Provocatively, Nikolai Demidenko (Hyperion, 1996) offers us Schumann’s five-movement conception – music dating from a dark, turbulent phase of the composer’s life. Jean-Efflam Bavouzet prefers to confine himself to the final thoughts of the relatively familiar 1853 edition, with, by way of homage, one or two hybrid touches emanating from Horowitz – for whom Bavouzet played the piece in Paris in 1985. Bavouzet identifies with the music intensely, at grips with the muscular gesturing of the first movement and the power and manic tumult of the Finale – “one of the wildest pieces of music in 19th century piano literature” he claims (omitting Alkan from the equation). With the variation slow movement – on a theme by the young Clara Wieck that permeates the Sonata holistically (indeed right away from the assertively metamorphosised left-hand opening descent) – he unfussily assures us that its tempo is not so much a Slavonicised adagio as a Germanic andantino. Concerning the repeated D-major chords leading-in the Trio of the Scherzo, 1:58ff, he observes interestingly that in the Stichvorlage (British Library) Schumann wrote beneath them (in German) the words “Fire of angels”, not reproduced in any of the published sources. “Was this a secret message to Clara? That is what I would like to think”. Plausibly possible, given Schumann’s passion for sub-texting and ciphering during this period.
Bavouzet’s Faschingsschwank aus Wien is robust, its Marseillaise allusions physically clamorous, the Finale upfront and headstrong.

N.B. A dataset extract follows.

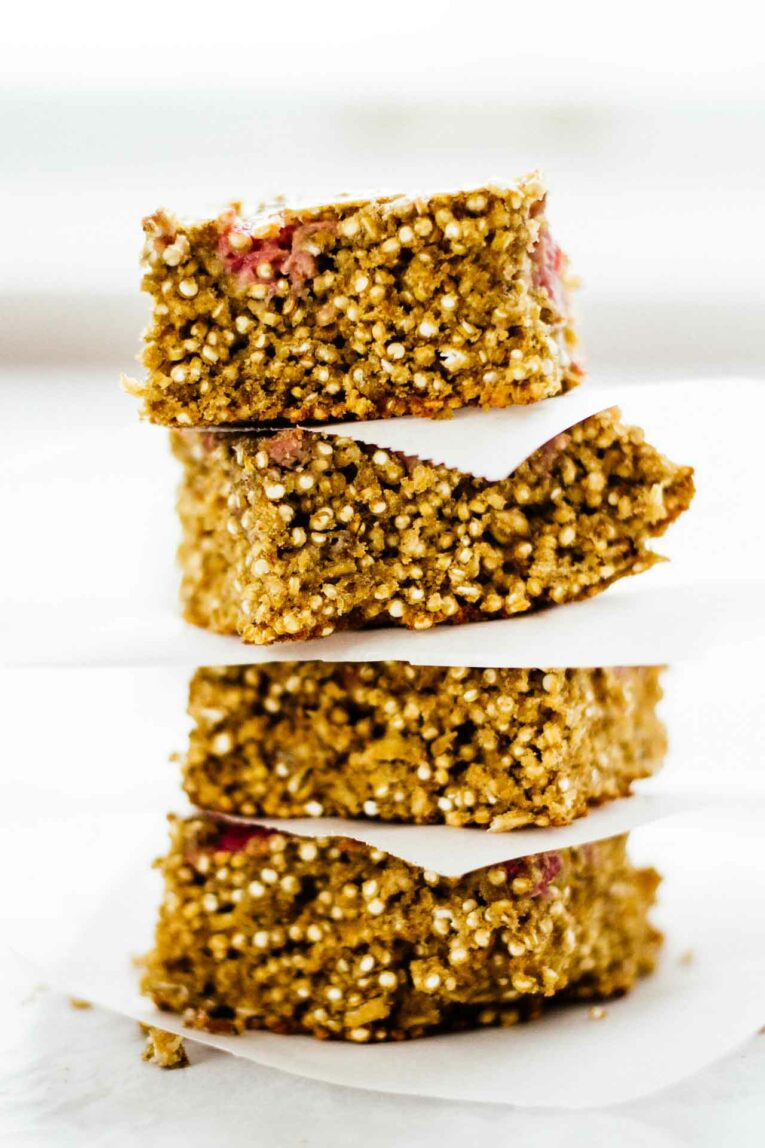 4 Raspberry Breakfast Quinoa Bars stacked on top of each other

The central Scherzino goes some way towards addressing the rhythmic/articulation issues of the score, notably the slurred crotchets (resisting over-shortening the second of each pair) and quaver couplets (steadying the staccato element) – facets of Schumann’s imaginative invention that derail all too many performances, even Richter’s. Overall, though, it’s perhaps a touch humourless, less fantastical than Michelangeli’s 1957 London reading (DG).
With so much adrenalin and changing emotional theatre, so many fingers in swirling, dazzling races to the finish, the two late cycles, lyrically pointed, benefit from tender, discerningly judged balancing. If I prefer the Fantasiestücke to be more gapped, especially leading into the A-flat poetry of the second, Schumann’s precisely noted attacca markings prescribe evidently otherwise. The final bar of the last of the rarely-heard Gesänge der Frühe (Songs of Dawn) is one of elevated artistry, the graced C-sharp appoggiatura of the right-hand D-major chord held momentarily, waiting resolution, like an ember in a sleeping fire, brightening briefly before slipping into darkness.
Cleanly engineered, the piano, a Yamaha CFX grand tangibly present, speaks with plenty of bass end and mid-frequency emphasis. More than once you feel next to a throbbing, long-haul L.N.E.R. engine – hot iron and steam, every pressure gauge on the safe side of red.